PROBLEM>
Taking the entries below, transcribe only the lines starting with the one with "Old Navy mid-rise" and going on through the one with "200 Craven St, Beaufort, NC 28516", exactly as written, without the pictures.
----- AVAILABLE DATA
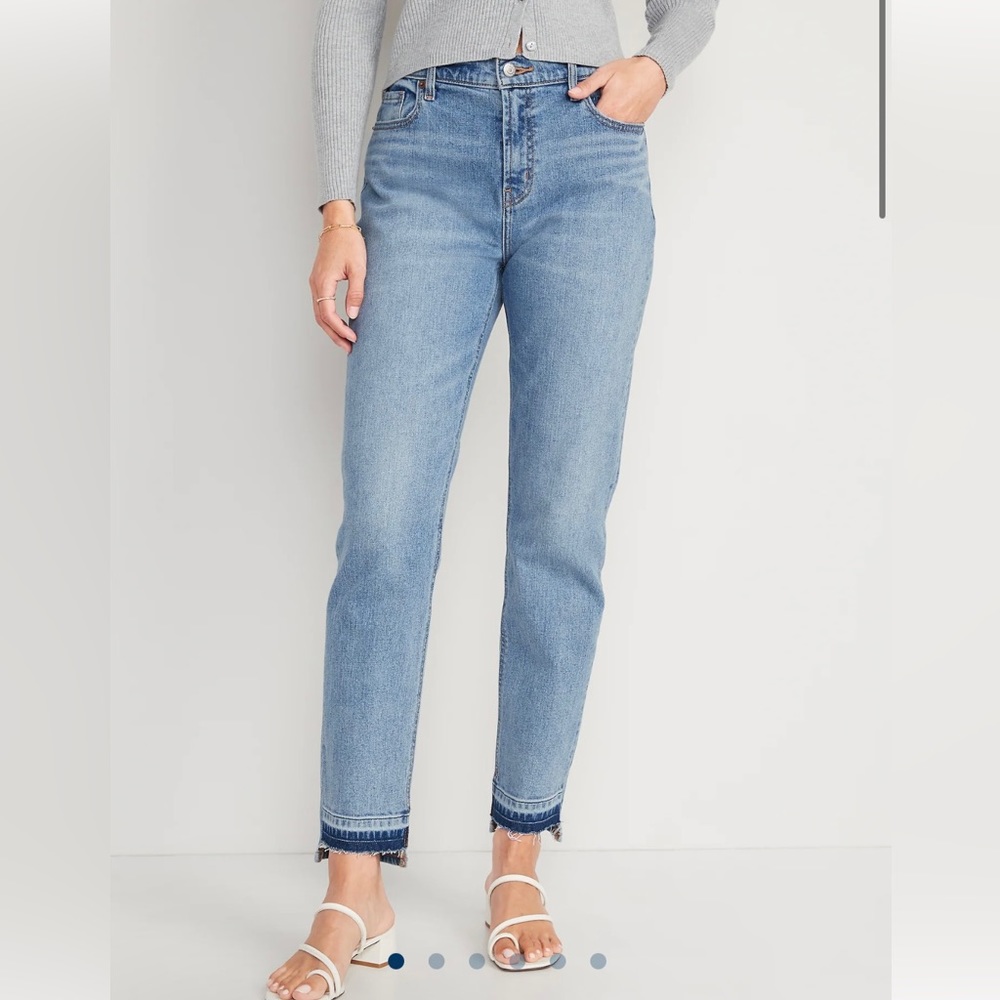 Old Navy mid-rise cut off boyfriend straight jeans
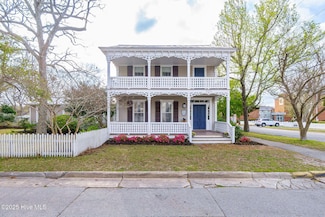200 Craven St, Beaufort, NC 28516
----------
----- AVAILABLE DATA
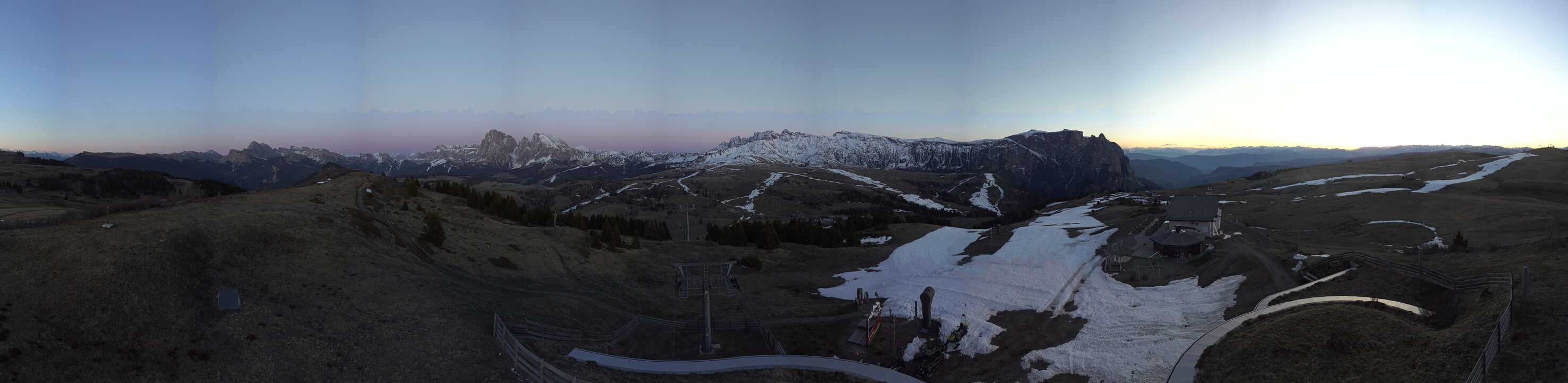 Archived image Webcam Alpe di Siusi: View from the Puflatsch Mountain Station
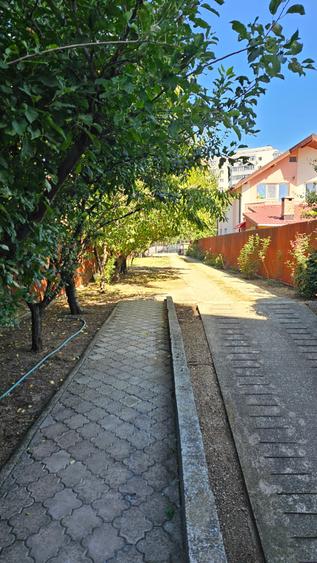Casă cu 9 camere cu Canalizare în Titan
----------
SOLUTION TO THIS EXERCISE>
 Old Navy mid-rise cut off boyfriend straight jeans
200 Craven St, Beaufort, NC 28516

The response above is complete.